The post that catalysed it all has been deleted from its original home, but was captured from Google cache. But the result is worth a look - a wide ranging discussion on how it is possible to make 9 times the US median income, and not feel rich.

The first response seems to have been this post, which worked through the numbers and concluded that the household income in question was at least US$340,000 per year, and probably closer to US$450,000/year. Brad Delong linked to it, and then got called out, which resulted in a blog post for the ages. An excerpt (Brad has deleted names) Instead, Mr. Xxxx Xxxxxxxxx looks up. Of the 100 people richer than he is, fully ten have more than four times his income. And he knows of one person with 20 times his income. He knows who the really rich are, and they have ten times his income: They have not $450,000 a year. They have $4.5 million a year. And, to him, they are in a different world. And so he is sad. He and his wife deserve to be successful. And he knows people who are successful. But he is not one of them--widening income inequality over the past generation has excluded him from the rich who truly have money. And this makes him sad. And angry. And it turns out that Mr XXXX has a predecessor, from the turn of the last century. Paul Krugman got in on the act, with a couple of blog posts. And the whole thing is usefully contrasted with a link to John Scalzi's Being poor is... post. I looked it up - I'm damn near in the top 10% of income in Australia, and I don't feel rich. I needed the reality check.

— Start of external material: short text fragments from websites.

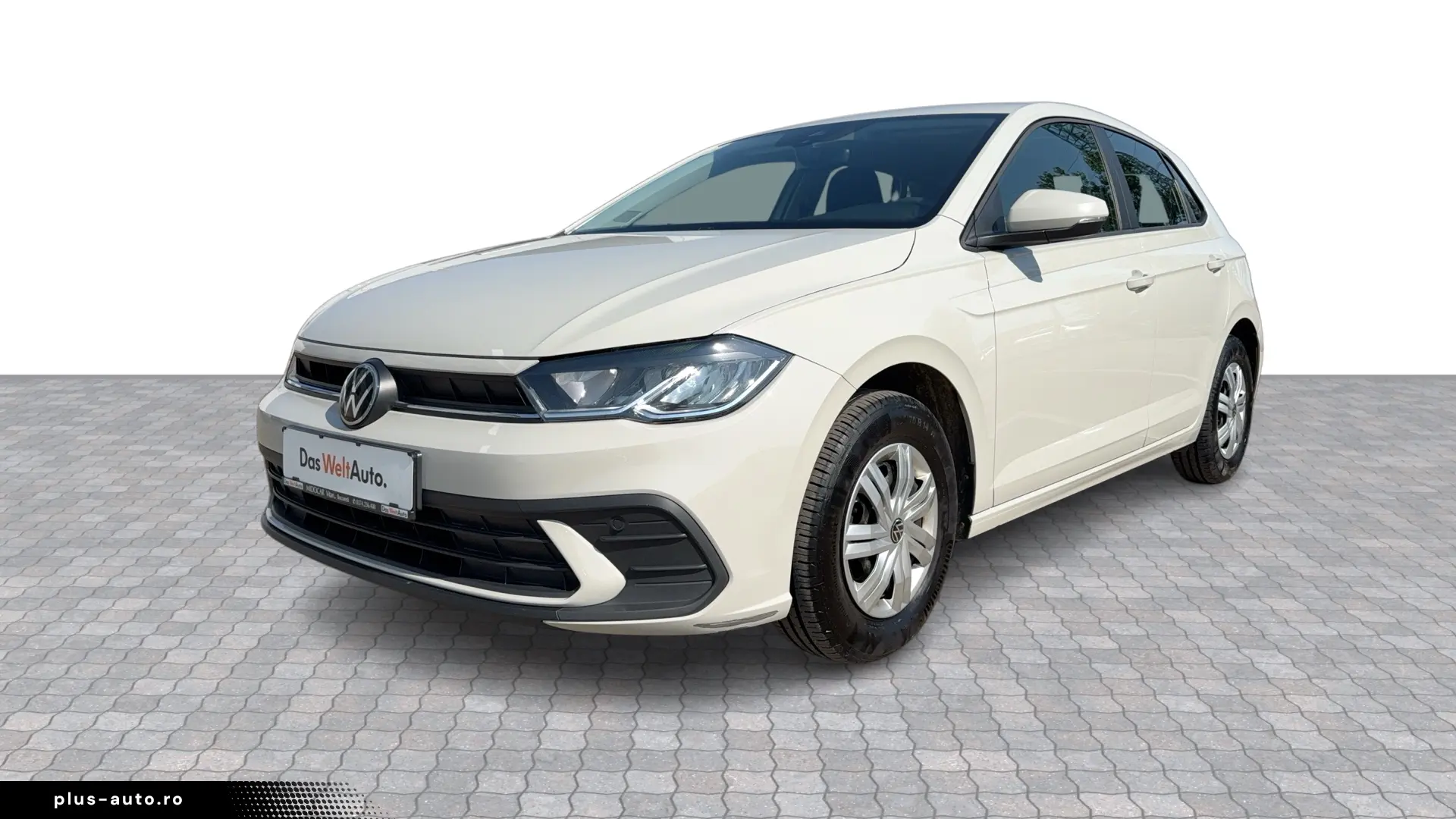 VW Polo Base 1.0 4 usi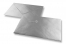 Lyxiga kuvert till gratulationskort, platinum | PIT Packaging.se | Kuvertland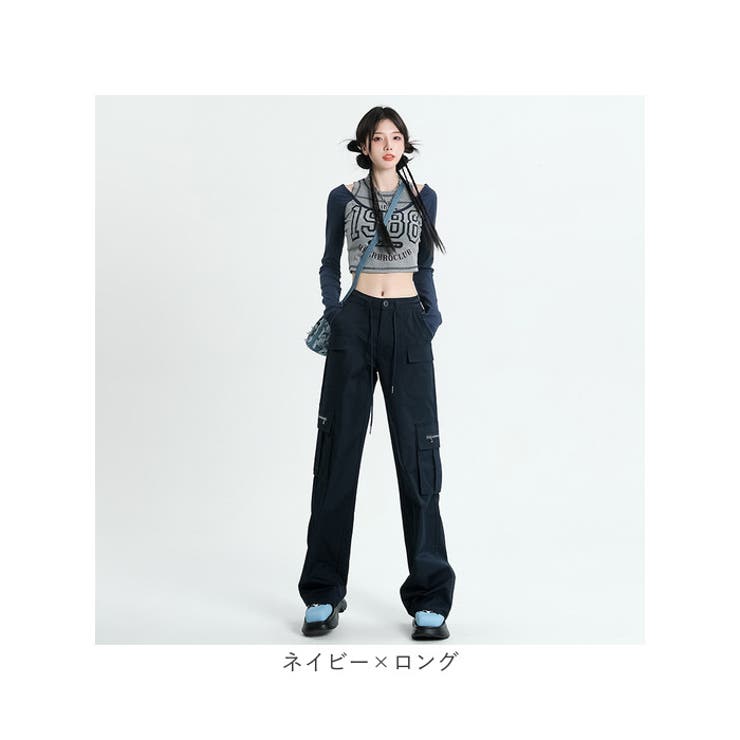 カーゴパンツ kpants402 | BACKYARD FAMILY | 詳細画像12 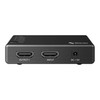 Steren BOS-404 Divisor HDMI de 4 Puertos con Booster Ultra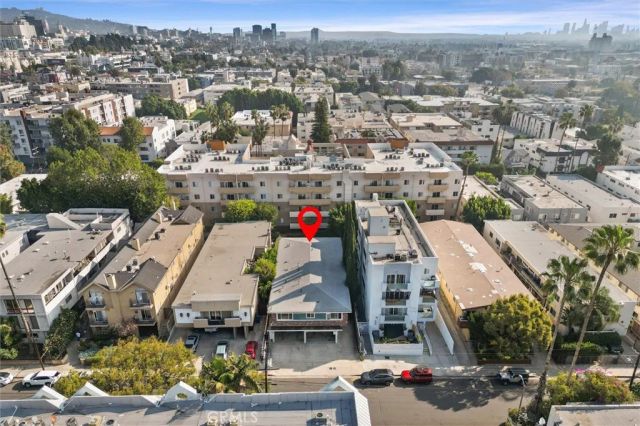 1406 N Vista Street North, Los Angeles, CA 90046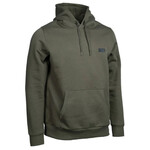 Nash Make It Happen Carp Logo Hoody Green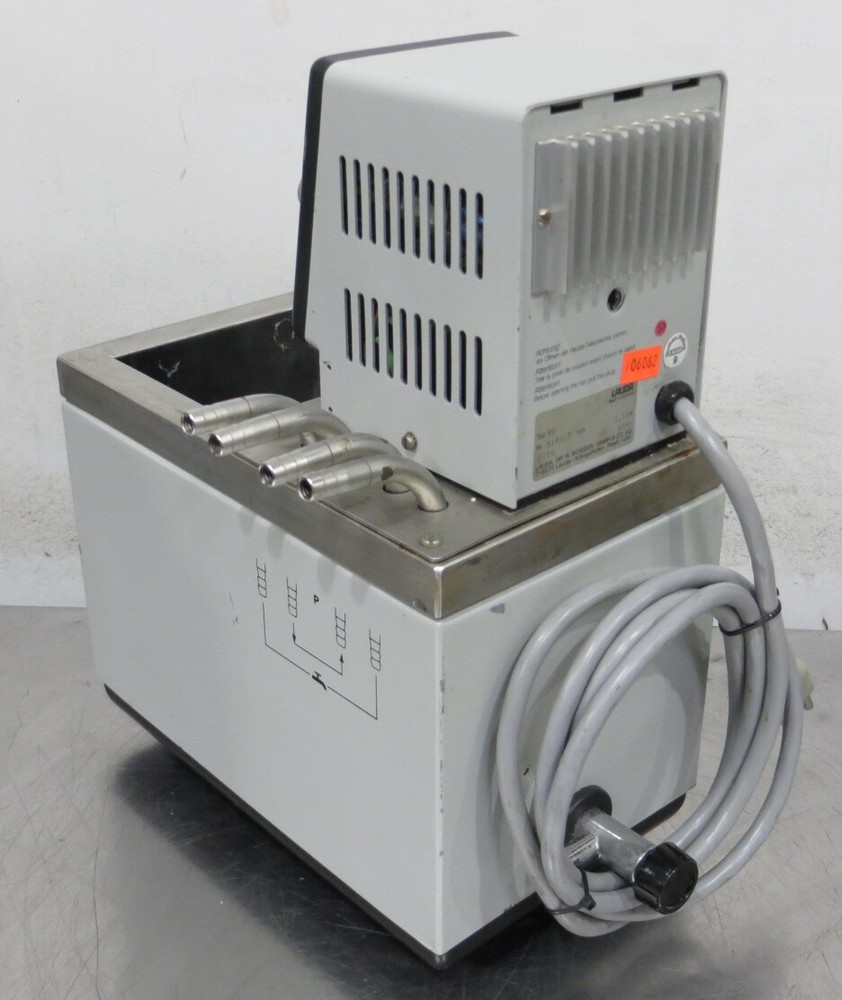 T191902 Lauda MS 3 Recirculating Heated Water Bath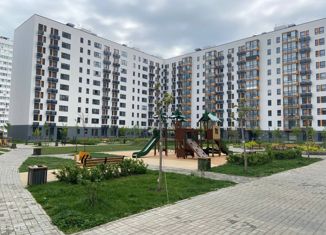 Продажа 1-ком. квартиры, 34 м2, Новороссийск, улица Мурата Ахеджака, 18, ЖК Черноморский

  • I'm trying to compare Australia to America here, and note that according to the 2006 census the average median income for the workforce of a Shire near Sydney was $43,052. One report said the median house price for what I think is this same area would be $448,000... So the value of a home over there is about 10 times the median income... Well, let's take a modest upper 25% median income of $80,000 a year in America. If housing were as inflated as in Australia, that would translate into having to pay $800,000 for a median value home. <:(O) EEK! Looking at New Jersey in Bergen County, a suburban area smack up against the richness of New York City, even there $500,000 is the median price. Nearer Philadelphia the median home price is about $200,000. Currency issues aside, Australians must carry even more debt than Americans! And Americans carry huge debt, not even counting their overly leveraged government... Could it be that debt is more evil than taxes?
  • My sweet lawd! That would get my husband and I totally out of debt, pay off the house and finish the remodeling, give us some sweet investments and make it so I don't stay up at night worrying about not having a job. Adjust your freakin' expectations people. I KNOW damn well you don't work any harder than we do.
  • Actually - didn't put it in the original post but I think my favourite comment is this one...the books, oh my yes.
  • And Dan - there is definitely a housing bubble here in Australia at the moment. It's scary.
  • "It's like a gilded cage," he says. Would you like some cheese with that whine, sir?